To be fair, it has been rumored that Chandler Riggs had wanted to leave the show for a while before being written off, with the common line being that Riggs was looking to take a break from acting to focus on school. But these rumors were quickly dispelled when Riggs’s own father wrote:
“Watching Gimple fire my son two weeks before his 18th birthday after telling him they wanted him for the next three years was disappointing… I never trusted Gimple or AMC but Chandler did. I know how much it hurt him. But we do absolutely know how lucky we have been to be a part of it all and appreciate all the love from fans all these years!” So, the fact that Chandelier didn’t want to leave at all makes this choice by Gimple & Co. even more bizarre. And reveals even more about his and AMC’s attitude toward the show.
Sure, Gimple’s camp has mumbled out half-baked excuses like “we needed a reason for Rick to make the choice he makes in regard to whether or not he kills Negan” or “Carl’s story can still be told by other characters,” but the fact remains. “The Walking Dead” was a story already signed off on by fans. Carl surviving was never among the top list of gripes that readers had with the graphic novel. So again, why reinvent the wheel for the sake of shock?

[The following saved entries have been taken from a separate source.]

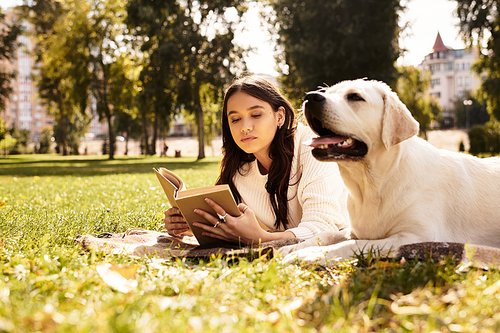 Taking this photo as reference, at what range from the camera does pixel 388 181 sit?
3203 mm

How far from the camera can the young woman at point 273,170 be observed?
3848 millimetres

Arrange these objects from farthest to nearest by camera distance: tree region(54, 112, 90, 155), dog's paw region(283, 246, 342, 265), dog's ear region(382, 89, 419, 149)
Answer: tree region(54, 112, 90, 155) < dog's ear region(382, 89, 419, 149) < dog's paw region(283, 246, 342, 265)

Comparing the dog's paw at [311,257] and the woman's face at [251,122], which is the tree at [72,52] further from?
the dog's paw at [311,257]

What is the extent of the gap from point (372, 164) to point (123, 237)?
2529 mm

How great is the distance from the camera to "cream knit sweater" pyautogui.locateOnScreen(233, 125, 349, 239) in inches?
148

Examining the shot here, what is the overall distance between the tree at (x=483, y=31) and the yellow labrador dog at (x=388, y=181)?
79.0ft

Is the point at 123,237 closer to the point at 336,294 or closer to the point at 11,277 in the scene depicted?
the point at 11,277

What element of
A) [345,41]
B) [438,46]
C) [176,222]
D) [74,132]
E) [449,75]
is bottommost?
[176,222]

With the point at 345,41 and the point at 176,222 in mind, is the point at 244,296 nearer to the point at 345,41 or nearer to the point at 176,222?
the point at 176,222

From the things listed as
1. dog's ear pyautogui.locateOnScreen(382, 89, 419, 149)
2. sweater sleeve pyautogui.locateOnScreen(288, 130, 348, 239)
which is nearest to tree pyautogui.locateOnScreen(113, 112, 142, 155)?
sweater sleeve pyautogui.locateOnScreen(288, 130, 348, 239)

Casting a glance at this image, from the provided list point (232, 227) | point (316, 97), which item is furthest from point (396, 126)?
point (232, 227)

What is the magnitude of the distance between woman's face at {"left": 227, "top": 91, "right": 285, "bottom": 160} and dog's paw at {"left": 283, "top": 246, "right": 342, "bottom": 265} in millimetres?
1378

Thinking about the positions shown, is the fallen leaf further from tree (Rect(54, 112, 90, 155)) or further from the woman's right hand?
tree (Rect(54, 112, 90, 155))

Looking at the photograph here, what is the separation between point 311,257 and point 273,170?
4.86 ft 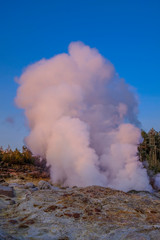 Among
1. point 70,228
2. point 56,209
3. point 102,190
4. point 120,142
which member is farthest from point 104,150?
point 70,228

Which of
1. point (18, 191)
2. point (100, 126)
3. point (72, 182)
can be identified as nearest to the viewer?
point (18, 191)

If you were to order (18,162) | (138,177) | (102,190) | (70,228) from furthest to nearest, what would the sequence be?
(18,162), (138,177), (102,190), (70,228)

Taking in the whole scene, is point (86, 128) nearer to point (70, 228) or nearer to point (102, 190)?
point (102, 190)

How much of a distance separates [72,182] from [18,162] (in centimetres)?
828

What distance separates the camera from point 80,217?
6168 mm

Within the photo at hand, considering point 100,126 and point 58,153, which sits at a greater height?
point 100,126

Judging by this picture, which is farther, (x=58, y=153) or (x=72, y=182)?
(x=58, y=153)

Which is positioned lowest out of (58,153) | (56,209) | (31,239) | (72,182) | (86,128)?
(31,239)

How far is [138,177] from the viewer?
11711mm

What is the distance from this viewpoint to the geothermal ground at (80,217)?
5.14 meters

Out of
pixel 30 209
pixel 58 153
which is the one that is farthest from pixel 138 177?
pixel 30 209

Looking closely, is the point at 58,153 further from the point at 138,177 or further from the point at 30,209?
the point at 30,209

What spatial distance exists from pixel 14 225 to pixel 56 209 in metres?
1.34

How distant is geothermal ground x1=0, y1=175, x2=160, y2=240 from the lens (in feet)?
16.9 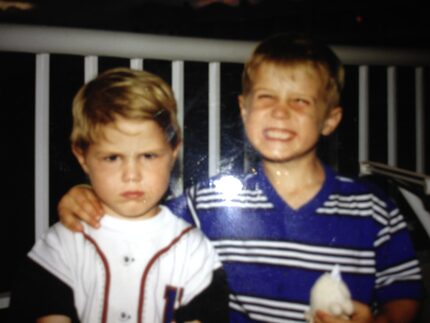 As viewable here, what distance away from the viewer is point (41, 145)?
689mm

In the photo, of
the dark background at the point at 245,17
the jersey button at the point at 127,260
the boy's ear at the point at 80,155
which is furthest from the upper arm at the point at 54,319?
the dark background at the point at 245,17

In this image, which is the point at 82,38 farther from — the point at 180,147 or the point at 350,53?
the point at 350,53

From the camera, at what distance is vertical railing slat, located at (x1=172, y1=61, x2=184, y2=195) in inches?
27.8

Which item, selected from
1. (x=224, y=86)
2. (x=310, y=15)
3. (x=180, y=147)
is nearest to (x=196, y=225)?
(x=180, y=147)

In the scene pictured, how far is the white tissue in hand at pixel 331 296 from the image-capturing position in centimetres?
66

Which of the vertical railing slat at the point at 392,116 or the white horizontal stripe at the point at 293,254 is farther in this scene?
the vertical railing slat at the point at 392,116

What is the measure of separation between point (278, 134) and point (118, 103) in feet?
0.79

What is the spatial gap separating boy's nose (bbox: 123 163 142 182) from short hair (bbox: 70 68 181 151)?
63mm

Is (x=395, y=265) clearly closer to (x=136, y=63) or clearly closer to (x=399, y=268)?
(x=399, y=268)

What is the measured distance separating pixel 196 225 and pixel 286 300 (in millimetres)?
182

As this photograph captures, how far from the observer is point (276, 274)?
0.70 metres

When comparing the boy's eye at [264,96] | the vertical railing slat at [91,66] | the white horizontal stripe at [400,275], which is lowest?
the white horizontal stripe at [400,275]

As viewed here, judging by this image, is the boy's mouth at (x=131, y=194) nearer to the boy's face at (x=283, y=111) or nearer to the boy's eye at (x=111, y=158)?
the boy's eye at (x=111, y=158)

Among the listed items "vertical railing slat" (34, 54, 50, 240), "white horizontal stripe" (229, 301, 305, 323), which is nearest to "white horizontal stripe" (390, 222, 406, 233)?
"white horizontal stripe" (229, 301, 305, 323) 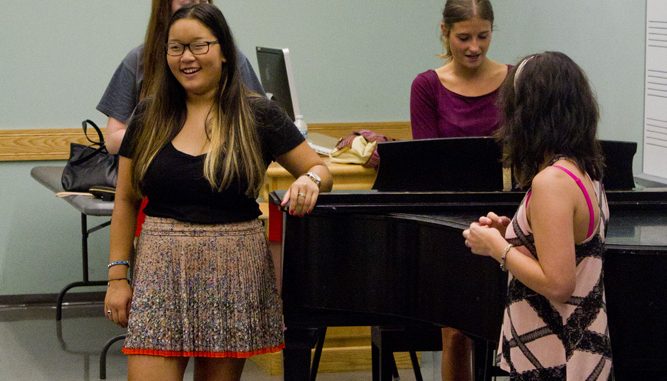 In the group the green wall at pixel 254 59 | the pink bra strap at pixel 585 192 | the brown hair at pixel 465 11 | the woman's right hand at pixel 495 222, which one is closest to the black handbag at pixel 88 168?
the green wall at pixel 254 59

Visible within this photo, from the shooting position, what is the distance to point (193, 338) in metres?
2.77

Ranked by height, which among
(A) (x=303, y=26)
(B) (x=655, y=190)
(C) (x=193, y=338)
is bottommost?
(C) (x=193, y=338)

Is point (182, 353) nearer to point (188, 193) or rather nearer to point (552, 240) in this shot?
point (188, 193)

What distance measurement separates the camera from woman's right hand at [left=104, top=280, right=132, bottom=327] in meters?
2.89

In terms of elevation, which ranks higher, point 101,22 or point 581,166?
point 101,22

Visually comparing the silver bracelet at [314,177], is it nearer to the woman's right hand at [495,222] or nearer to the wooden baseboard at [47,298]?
the woman's right hand at [495,222]

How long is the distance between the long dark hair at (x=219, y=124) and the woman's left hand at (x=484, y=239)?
0.57 metres

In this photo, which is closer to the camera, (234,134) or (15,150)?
(234,134)

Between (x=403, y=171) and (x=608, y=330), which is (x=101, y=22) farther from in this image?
(x=608, y=330)

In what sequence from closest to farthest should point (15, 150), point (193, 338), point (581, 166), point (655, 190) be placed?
point (581, 166)
point (193, 338)
point (655, 190)
point (15, 150)

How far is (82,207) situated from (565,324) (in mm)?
2899

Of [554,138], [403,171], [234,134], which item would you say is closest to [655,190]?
[403,171]

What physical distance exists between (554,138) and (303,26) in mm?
4142

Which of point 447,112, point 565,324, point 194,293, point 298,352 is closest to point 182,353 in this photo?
point 194,293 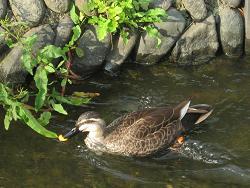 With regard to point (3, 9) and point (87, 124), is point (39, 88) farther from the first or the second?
point (3, 9)

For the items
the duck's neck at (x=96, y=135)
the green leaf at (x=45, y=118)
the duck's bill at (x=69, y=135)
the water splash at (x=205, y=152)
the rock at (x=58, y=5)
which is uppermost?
the rock at (x=58, y=5)

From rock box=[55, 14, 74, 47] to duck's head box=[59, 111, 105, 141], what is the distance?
5.13 feet

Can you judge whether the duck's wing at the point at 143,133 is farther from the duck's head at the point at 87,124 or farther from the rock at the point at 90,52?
the rock at the point at 90,52

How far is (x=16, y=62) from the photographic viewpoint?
8.65m

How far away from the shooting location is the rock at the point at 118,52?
928cm

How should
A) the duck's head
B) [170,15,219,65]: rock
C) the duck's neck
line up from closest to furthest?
the duck's head
the duck's neck
[170,15,219,65]: rock

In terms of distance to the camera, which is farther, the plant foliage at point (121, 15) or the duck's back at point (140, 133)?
the plant foliage at point (121, 15)

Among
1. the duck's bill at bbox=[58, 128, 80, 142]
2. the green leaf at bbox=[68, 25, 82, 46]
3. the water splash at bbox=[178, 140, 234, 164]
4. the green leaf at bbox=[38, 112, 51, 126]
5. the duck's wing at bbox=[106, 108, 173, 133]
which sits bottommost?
the water splash at bbox=[178, 140, 234, 164]

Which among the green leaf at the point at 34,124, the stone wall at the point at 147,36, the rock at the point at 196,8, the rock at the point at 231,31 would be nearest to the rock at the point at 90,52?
the stone wall at the point at 147,36

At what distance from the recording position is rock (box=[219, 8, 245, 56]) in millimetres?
9617

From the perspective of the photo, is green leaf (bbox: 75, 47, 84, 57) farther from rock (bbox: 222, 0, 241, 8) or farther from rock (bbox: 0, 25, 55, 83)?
rock (bbox: 222, 0, 241, 8)

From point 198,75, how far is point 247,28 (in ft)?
3.70

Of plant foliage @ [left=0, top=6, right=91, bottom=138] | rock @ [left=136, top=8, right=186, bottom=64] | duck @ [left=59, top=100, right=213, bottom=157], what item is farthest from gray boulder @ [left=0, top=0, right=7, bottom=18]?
rock @ [left=136, top=8, right=186, bottom=64]

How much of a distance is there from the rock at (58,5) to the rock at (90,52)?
45cm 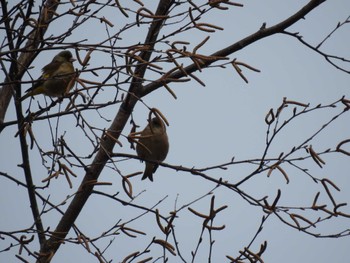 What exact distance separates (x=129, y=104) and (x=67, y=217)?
2.92ft

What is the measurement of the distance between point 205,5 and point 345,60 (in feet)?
3.27

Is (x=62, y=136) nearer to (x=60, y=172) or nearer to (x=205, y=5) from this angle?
(x=60, y=172)

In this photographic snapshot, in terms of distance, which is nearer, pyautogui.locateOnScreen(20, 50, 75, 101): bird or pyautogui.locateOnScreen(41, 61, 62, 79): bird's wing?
pyautogui.locateOnScreen(20, 50, 75, 101): bird

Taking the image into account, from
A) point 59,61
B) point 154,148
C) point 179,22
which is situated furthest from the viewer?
point 59,61

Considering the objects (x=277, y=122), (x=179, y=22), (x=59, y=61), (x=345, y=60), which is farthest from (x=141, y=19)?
(x=59, y=61)

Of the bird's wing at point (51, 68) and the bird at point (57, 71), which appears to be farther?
the bird's wing at point (51, 68)

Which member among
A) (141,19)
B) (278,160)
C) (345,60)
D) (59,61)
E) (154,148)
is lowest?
(278,160)

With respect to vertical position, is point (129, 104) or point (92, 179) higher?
point (129, 104)

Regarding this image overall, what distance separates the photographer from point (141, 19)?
2980 millimetres

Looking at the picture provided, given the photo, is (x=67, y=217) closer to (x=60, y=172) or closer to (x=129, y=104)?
(x=60, y=172)

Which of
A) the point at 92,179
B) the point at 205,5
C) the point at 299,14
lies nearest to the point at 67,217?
the point at 92,179

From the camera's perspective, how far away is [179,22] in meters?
3.07

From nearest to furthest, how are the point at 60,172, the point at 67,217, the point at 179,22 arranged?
1. the point at 179,22
2. the point at 60,172
3. the point at 67,217

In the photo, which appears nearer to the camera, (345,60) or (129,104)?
(345,60) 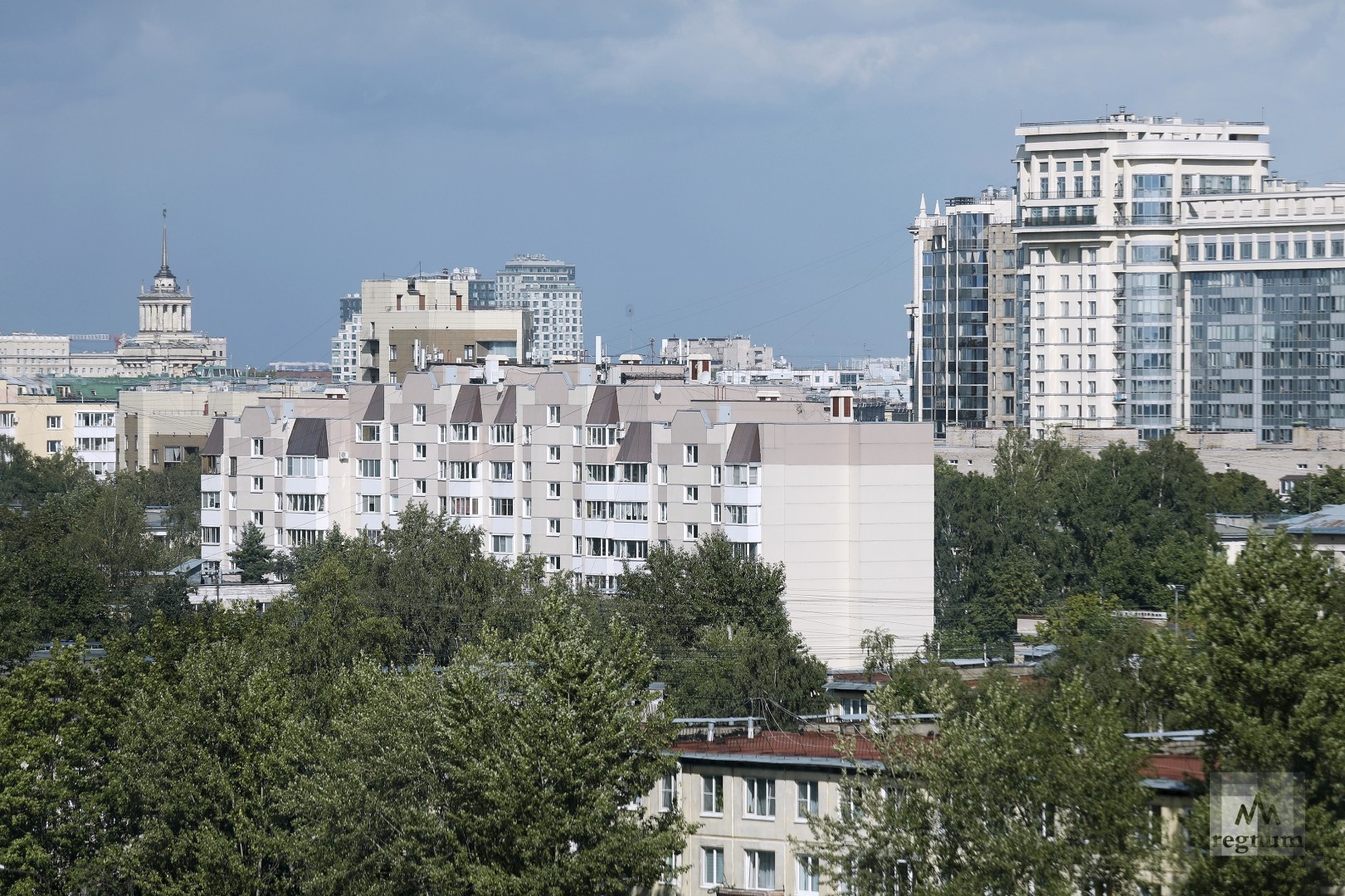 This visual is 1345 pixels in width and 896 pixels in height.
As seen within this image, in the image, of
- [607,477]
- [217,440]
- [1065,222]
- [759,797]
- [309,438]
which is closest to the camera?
[759,797]

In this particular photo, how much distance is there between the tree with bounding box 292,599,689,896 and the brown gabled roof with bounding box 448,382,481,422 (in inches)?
1700

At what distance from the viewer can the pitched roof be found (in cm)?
6981

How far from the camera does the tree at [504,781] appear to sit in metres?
29.5

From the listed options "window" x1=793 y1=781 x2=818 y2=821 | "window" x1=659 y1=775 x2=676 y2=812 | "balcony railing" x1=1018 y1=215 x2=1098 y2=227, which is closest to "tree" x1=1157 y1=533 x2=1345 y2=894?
"window" x1=793 y1=781 x2=818 y2=821

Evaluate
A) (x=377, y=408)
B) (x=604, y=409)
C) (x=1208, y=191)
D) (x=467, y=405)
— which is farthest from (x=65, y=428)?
(x=604, y=409)

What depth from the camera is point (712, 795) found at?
105 ft

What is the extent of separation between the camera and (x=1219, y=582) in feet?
87.0

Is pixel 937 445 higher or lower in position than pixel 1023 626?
higher

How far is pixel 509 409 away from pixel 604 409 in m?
4.49

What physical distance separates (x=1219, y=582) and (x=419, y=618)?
33.0m

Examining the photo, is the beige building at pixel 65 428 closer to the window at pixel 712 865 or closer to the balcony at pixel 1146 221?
the balcony at pixel 1146 221

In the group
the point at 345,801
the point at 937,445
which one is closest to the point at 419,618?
the point at 345,801

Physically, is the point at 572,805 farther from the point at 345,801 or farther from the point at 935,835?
the point at 935,835

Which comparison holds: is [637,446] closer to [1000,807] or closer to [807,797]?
[807,797]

There are some fans holding out hope. That somehow Carl hasn’t actually been bitten or he is immune. But his fate and thus the trajectory of the show has been sealed by Gimple. For some reason, they thought it okay to write out arguably the most important character on “The Walking Dead.” In fact, most fans of both the TV show and graphic novels would have hands-down agreed that Rick would’ve died before Carl. He represented the last of the humanity in Rick and the future of the post-apocalyptic world. Regardless, we’re at a point in television where there isn’t any room for these kinds of choices. There’s quality content oozing out of every streaming platform and “The Walking Dead” is all out of chances.